------ Available data ------
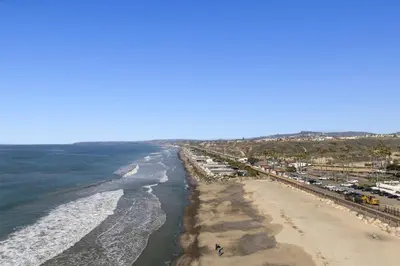 an aerial view of a beach and the ocean at Walk to the Beach Wedding Venues Downtown Del Mar AC in San Clemente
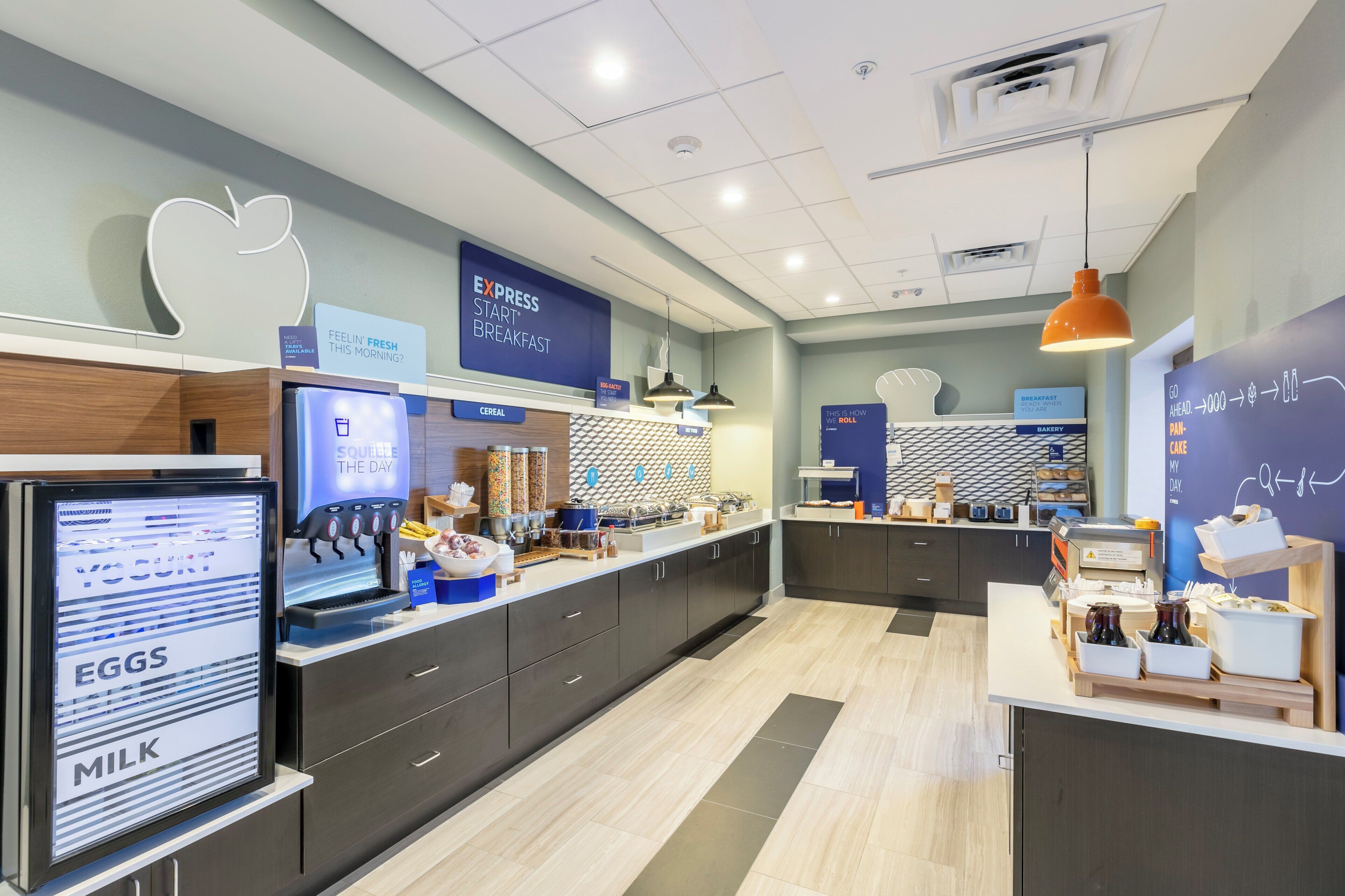 Un espace moderne dédié au petit-déjeuner, avec un buffet où les clients peuvent se servir eux-mêmes, un coin boulangerie et un panneau indiquant si le petit-déjeuner est servi.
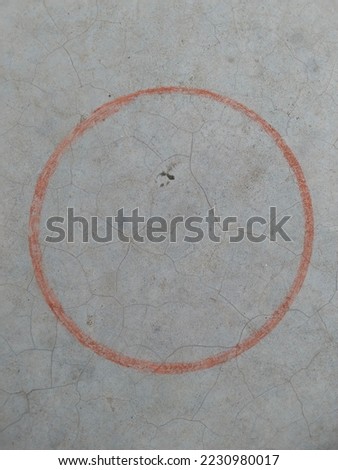 sketching a circle on surface with shattered brick or chalk. Round shape picture has been made on the ground with a piece of brick. Drawing of red circle is being made by drawing a line on the ground.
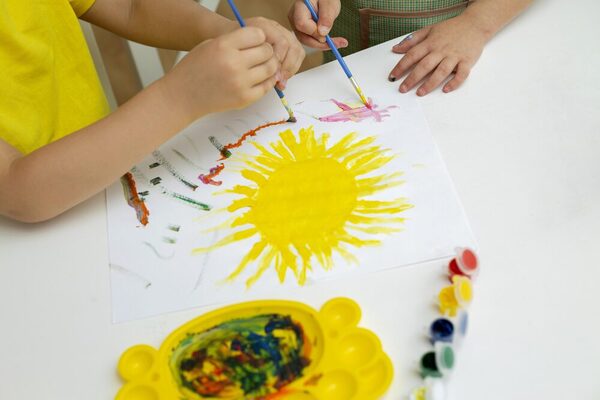 Kinder malen eine Sonne mit Wasserfarben.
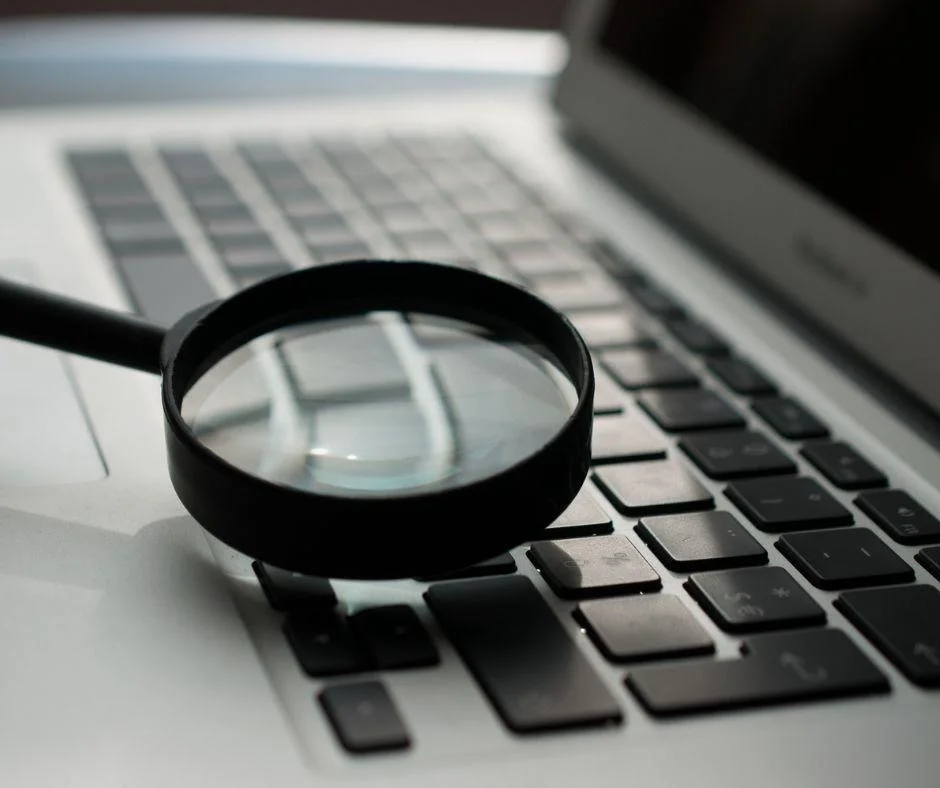 A magnifying glass resting on a laptop keyboard, symbolizing close analysis of digital marketing performance.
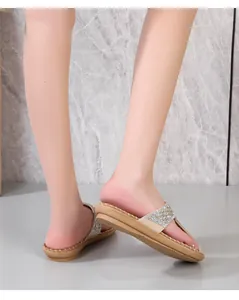 Detalle de sandalias de cuña bohemias con intrincados adornos de celosía de pedrería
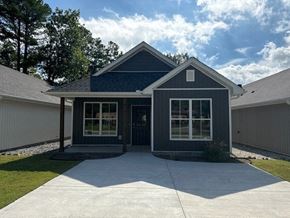 Little Rock house for rent - A house with a dark blue exterior and a white garage door.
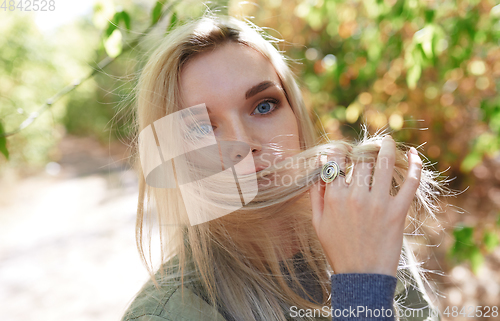 Image of Young adult woman spending quality time in the forest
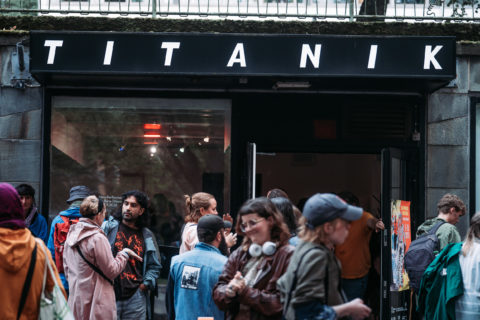 people standing and talking in front of Titanik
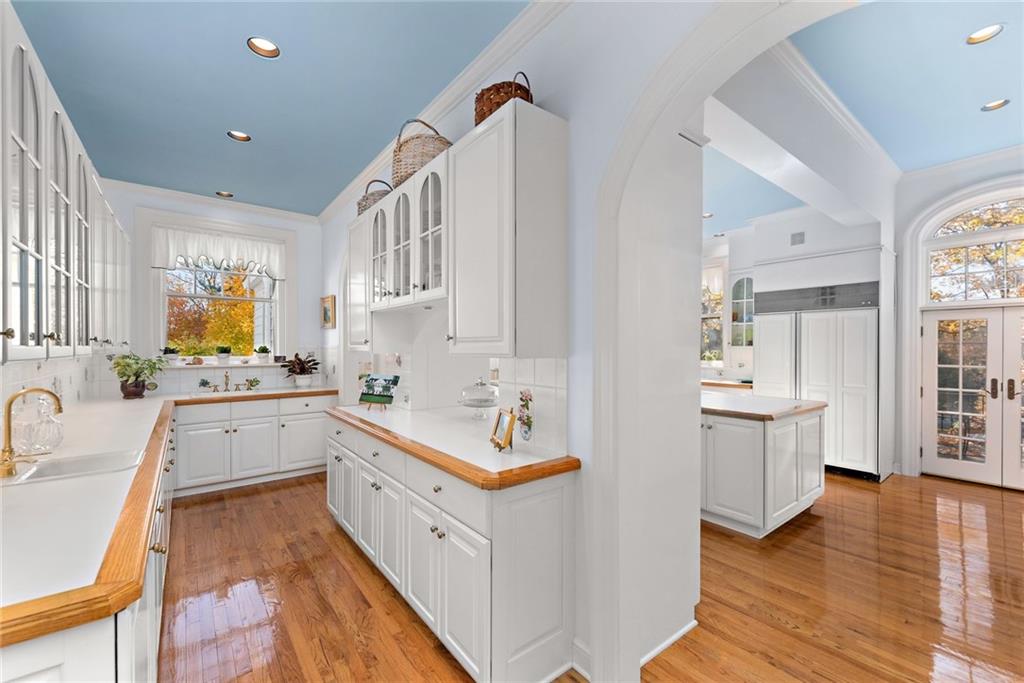 220-2 Scaife Road Sewickley, PA 15143 - Photo 16 of 49 a kitchen with a sink stove and wooden cabinets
------
Work item>
Reproduce the records in full, exactly as they appear, and show none of the pictures.

Expected answer>
 an aerial view of a beach and the ocean at Walk to the Beach Wedding Venues Downtown Del Mar AC in San Clemente
 Un espace moderne dédié au petit-déjeuner, avec un buffet où les clients peuvent se servir eux-mêmes, un coin boulangerie et un panneau indiquant si le petit-déjeuner est servi.
 sketching a circle on surface with shattered brick or chalk. Round shape picture has been made on the ground with a piece of brick. Drawing of red circle is being made by drawing a line on the ground.
 Kinder malen eine Sonne mit Wasserfarben.
 A magnifying glass resting on a laptop keyboard, symbolizing close analysis of digital marketing performance.
 Detalle de sandalias de cuña bohemias con intrincados adornos de celosía de pedrería
 Little Rock house for rent - A house with a dark blue exterior and a white garage door.
 Image of Young adult woman spending quality time in the forest
 people standing and talking in front of Titanik
 220-2 Scaife Road Sewickley, PA 15143 - Photo 16 of 49 a kitchen with a sink stove and wooden cabinets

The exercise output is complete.